Recommendations

Below, we list some recommendations for running LDAK-KVIK.

Analysing imputed data

Step 1 of LDAK-KVIK can be slow when there are very many predictors. Therefore, if your dataset contains over one million predictors, we recommend you only use a subset of these in Step 1 (e.g., 500,000 predictors). This has a limited impact on statistical power, but will greatly reduce runtime. Note that you should continue to use all predictors in Step 2.

You may already have a suitable subset of predictors (e.g., you may have a list of directly-genotyped SNPs, or those passing stringent quality control). Otherwise, we you can obtain a SNP subset for LDAK-KVIK step 1 by performing a moderate thinning of the common predictors (e.g., if analyzing SNP data, we suggest identifying SNPs with MAF > 0.01, then filtering so there are no predictors within 100kb with squared correlation above 0.5).

To restrict to fewer SNPs in Step 1 and speed up the run time, we recommend running --thin-common prior to LDAK-KVIK Step 1:

./ldak6.linux --thin-common thin --bfile data --max-threads 4

This function identifies SNPs with MAF > 0.01, that have been filtered so there are no SNPs within 100kb that have a squared correlation above 0.5. It is then possible to restrict to the resulting SNPs using the --extract flag in LDAK-KVIK Step 1:

./ldak6.linux --kvik-step1 kvik --bfile data --pheno phenofile --covar covfile --extract thin.in --max-threads 4

The next steps of LDAK-KVIK can be done as usual, without the --extract flag.

Alternatively, to restrict to directly genotyped SNPs in step 1 of LDAK-KVIK, the user can create a list of directly genotyped SNP IDs. It is then possible to restrict to these SNPs in step 1 using the --extract flag:

./ldak6.linux --kvik-step1 kvik --bfile data --pheno phenofile --covar covfile --extract <snpfile> --max-threads 4

Step 2 and step 3 can subsequently be run without the --extract flag, to include all SNPs for single-SNP association analysis and gene-based association analysis.

Please note that although it is beneficial to restrict to a smaller genotype data set (such as directly genotyped SNPs) in LDAK-KVIK Step 1, it is not beneficial to further reduce the number of SNPs used in Step 1. We found that using 500k - 1M SNPs in LDAK-KVIK Step 1 offers a good statistical power while maintaining high computational efficiency. Meanwhile, further reducion of the number of Step 1 SNPs results in a noticeable reduction in detection power, and thus we advise against this approach.

Genotype data format

LDAK accepts genotype data of both .bed format (using flag --bfile) and .bgen format (using flag --bgen and --sample), however, LDAK processes .bed files faster than .bgen files due to simpler genotype coding. To optimize LDAK-KVIK run time, it is therefore beneficial to convert .bgen files to .bed files prior to GWAS analyses. Although converting .bgen files to .bed files loses part of the genotype information (hardcoding dosage values), we find that the resulting outcomes are highly similar.

Parallelization

When running LDAK-KVIK, the user has the option to specify the number of threads. This facilitates the parallel run of parts of the LDAK-KVIK algorithm and decreases run time. For optimal implementation of LDAK-KVIK, the user should select the available number of threads in --num-threads.

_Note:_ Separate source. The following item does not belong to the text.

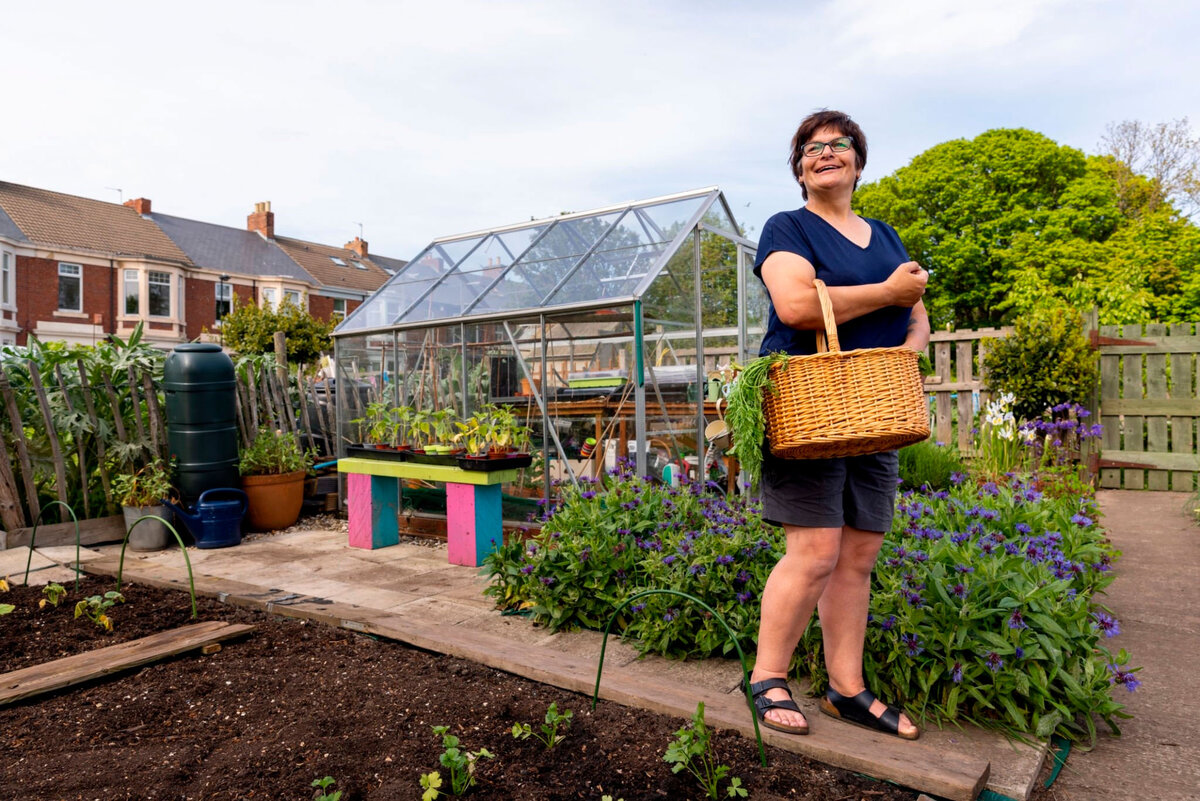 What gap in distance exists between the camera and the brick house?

For example, if the user has 16 threads available, it is best to run LDAK-KVIK using the command:

./ldak6.linux --kvik-step1 kvik --bfile data --pheno phenofile --covar covfile --max-threads 16

Analysing multiple phenotypes

LDAK-KVIK can analyse multiple phenotypes simultaneously. The input phenotype file should contain the FIDs and IIDs in the first two columns, followed by their phenotypic values. For example:

FID IID Pheno1 Pheno2 Pheno3
1 1 0.25 25 14
2 2 0.42 12 2
3 3 0.32 36 38
...

In case one of the phenotypes should analysed, the user can specify the phenotype using the --mpheno flag. For example, --mpheno 3 indicates that the third phenotype of the phenotype should be analysed.

It is also possible to simultaneously analyse all phenotypes in step 1 by adding --mpheno ALL. This feature reduces the total computational demands, and is recommended when analysing multiple phenotypes. An example command line for analysing multiple phenotypes is:

./ldak6.linux --kvik-step1 kvik --bfile data --pheno phenofile --covar covfile --mpheno ALL --max-threads 4

The single-SNP analysis and gene-based analysis in step 2 and step 3 cannot be run simultaneously for all phenotypes, and should be performed for seperately. For example, when analysing 10 phenotypes, this can be achieved by running using a for loop:

for i in {1..10}; do
  ./ldak6.linux --linear kvik.pheno${i} --bfile data --phenofile phenofile --covar covfile --mpheno ${i} --PRS kvik.step1.pheno${i} --max-threads 4
done

The resulting summary statistics will be saved in kvik.pheno1.assoc, kvik.pheno2.assoc, etc.

Analysing small sample sizes

Although LDAK-KVIK is primarily tested on data sets of size > 50,000, it can validly be applied to smaller data sets. It should be noted that when analysing smaller data sets, there is likely a smaller benefit from using mixed-model association analysis. This is, because it is harder to construct accurate LOCO PRS in Step 1 and thus there is a lower benefit in statistical power (see Campos et al.). However, in smaller data sets with high degrees of relatedness, LDAK-KVIK still offers control of type 1 error (which would be inflated using classical regression). When analysing binary traits, it is still useful to apply the saddlepoint approximation to overcome inflation due to case:control imbalance.

It is also possible to run classical linear regression in LDAK using the command lines:

./ldak6.linux --linear kvik --bfile data --pheno phenofile --covar covfile --max-threads 4

Logistic regression can be run using:

./ldak6.linux --logistic kvik --bfile data --pheno phenofile --covar covfile --max-threads 4

This performs logistic regression using a saddlepoint approximation by default.